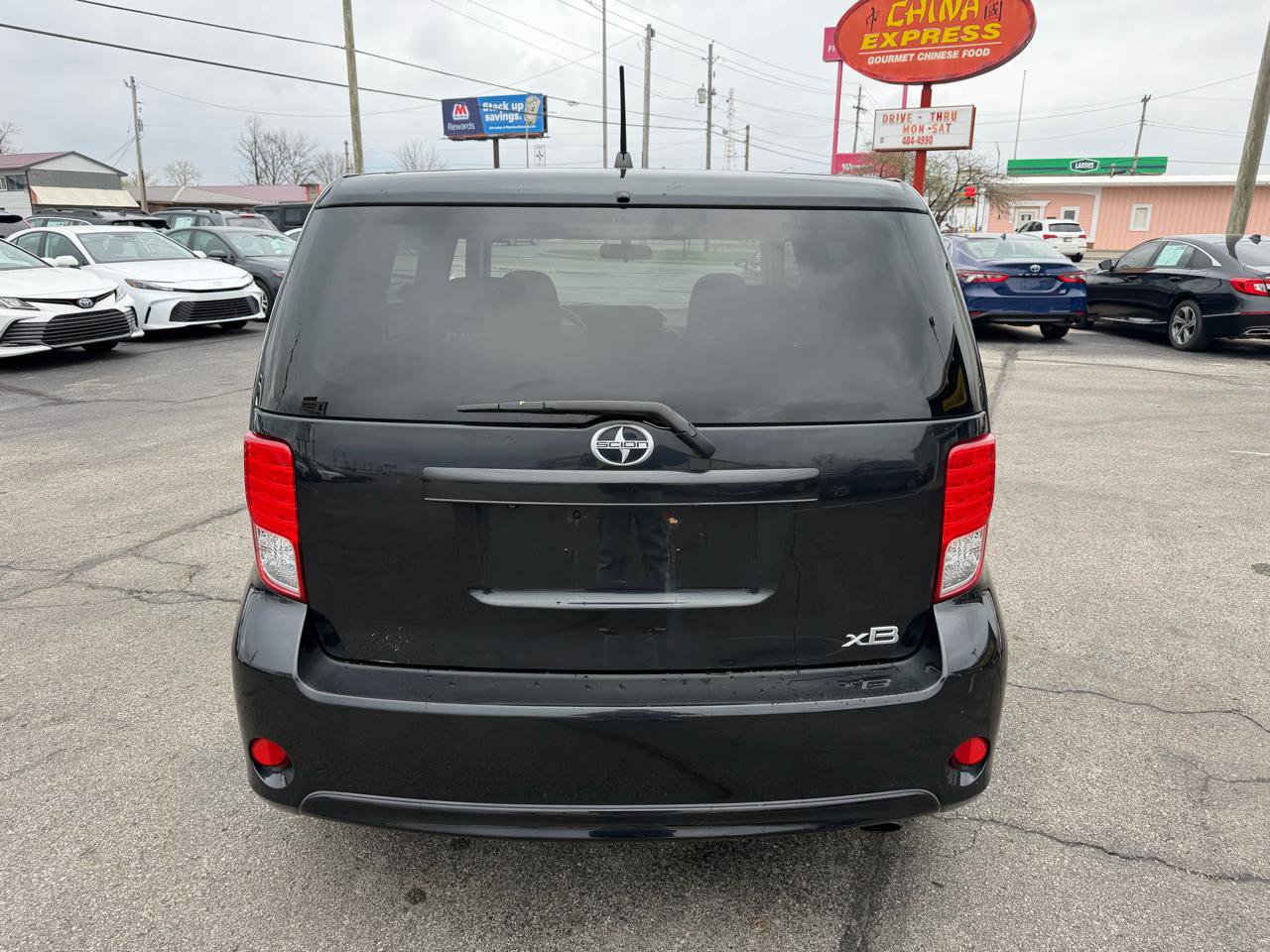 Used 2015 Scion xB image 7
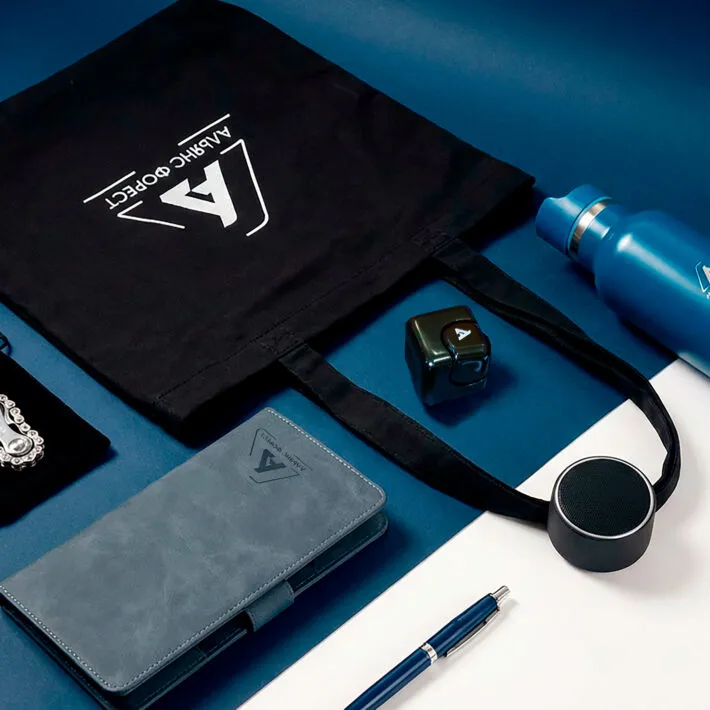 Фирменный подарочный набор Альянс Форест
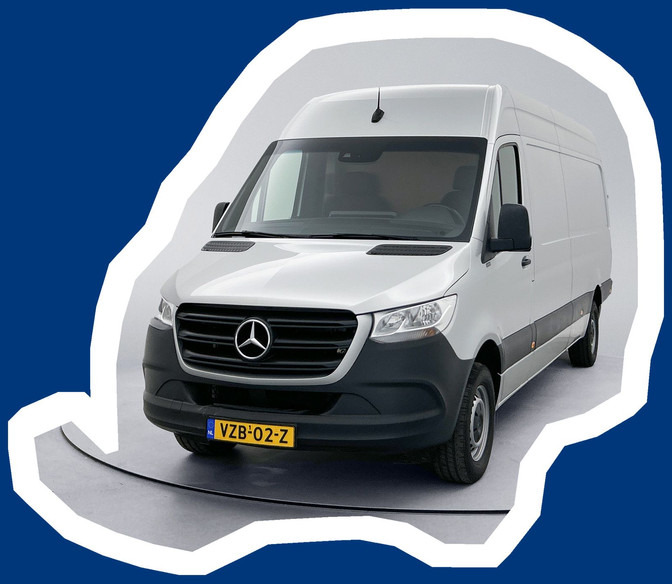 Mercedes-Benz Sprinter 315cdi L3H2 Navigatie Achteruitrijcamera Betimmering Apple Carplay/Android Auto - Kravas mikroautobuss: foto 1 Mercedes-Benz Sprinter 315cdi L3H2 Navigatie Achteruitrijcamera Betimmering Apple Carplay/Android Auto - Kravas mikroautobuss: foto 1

● ● ● ● ● ● ●

Exercise goal — Leaving the pictures out, output each line of the listing exactly.

Response area —
 Used 2015 Scion xB image 7
 Фирменный подарочный набор Альянс Форест
 Mercedes-Benz Sprinter 315cdi L3H2 Navigatie Achteruitrijcamera Betimmering Apple Carplay/Android Auto - Kravas mikroautobuss: foto 1 Mercedes-Benz Sprinter 315cdi L3H2 Navigatie Achteruitrijcamera Betimmering Apple Carplay/Android Auto - Kravas mikroautobuss: foto 1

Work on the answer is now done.